Assignment >> Whenever "Icon" occurs in a line of the material, list that line.
◇ ◇ ◇ ◇ ◇
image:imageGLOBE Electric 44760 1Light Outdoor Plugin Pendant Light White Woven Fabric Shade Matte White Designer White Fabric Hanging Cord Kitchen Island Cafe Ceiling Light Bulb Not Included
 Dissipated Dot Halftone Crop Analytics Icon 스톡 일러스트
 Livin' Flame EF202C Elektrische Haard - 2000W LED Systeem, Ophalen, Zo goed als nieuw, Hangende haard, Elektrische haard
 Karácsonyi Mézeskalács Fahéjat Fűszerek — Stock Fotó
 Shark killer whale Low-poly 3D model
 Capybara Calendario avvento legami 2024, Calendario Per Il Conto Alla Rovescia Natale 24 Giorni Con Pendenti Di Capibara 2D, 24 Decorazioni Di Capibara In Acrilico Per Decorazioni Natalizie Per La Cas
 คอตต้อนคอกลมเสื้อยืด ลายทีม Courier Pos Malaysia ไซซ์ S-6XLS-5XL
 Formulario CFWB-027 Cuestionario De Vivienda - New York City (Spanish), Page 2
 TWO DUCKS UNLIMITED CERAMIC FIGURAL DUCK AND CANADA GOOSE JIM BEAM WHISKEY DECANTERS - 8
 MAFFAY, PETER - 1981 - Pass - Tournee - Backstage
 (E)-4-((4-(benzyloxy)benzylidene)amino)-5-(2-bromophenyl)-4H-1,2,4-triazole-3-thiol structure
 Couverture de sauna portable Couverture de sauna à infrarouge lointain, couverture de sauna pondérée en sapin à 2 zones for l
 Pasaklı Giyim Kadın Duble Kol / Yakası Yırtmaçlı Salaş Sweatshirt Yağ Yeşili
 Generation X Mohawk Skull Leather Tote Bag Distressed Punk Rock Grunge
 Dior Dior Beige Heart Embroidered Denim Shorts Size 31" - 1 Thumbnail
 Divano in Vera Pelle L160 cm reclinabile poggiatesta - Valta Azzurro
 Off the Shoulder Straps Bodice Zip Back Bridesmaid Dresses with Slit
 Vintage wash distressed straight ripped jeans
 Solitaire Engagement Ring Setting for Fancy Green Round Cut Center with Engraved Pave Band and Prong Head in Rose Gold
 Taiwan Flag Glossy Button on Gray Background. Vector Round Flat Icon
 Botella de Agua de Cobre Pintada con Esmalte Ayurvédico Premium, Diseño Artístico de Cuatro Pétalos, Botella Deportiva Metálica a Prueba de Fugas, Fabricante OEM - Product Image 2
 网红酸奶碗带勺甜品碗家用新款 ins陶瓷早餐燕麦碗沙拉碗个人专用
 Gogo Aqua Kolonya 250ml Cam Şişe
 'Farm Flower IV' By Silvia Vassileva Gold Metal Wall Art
◇ ◇ ◇ ◇ ◇
Your response >>
 Dissipated Dot Halftone Crop Analytics Icon 스톡 일러스트
 Taiwan Flag Glossy Button on Gray Background. Vector Round Flat Icon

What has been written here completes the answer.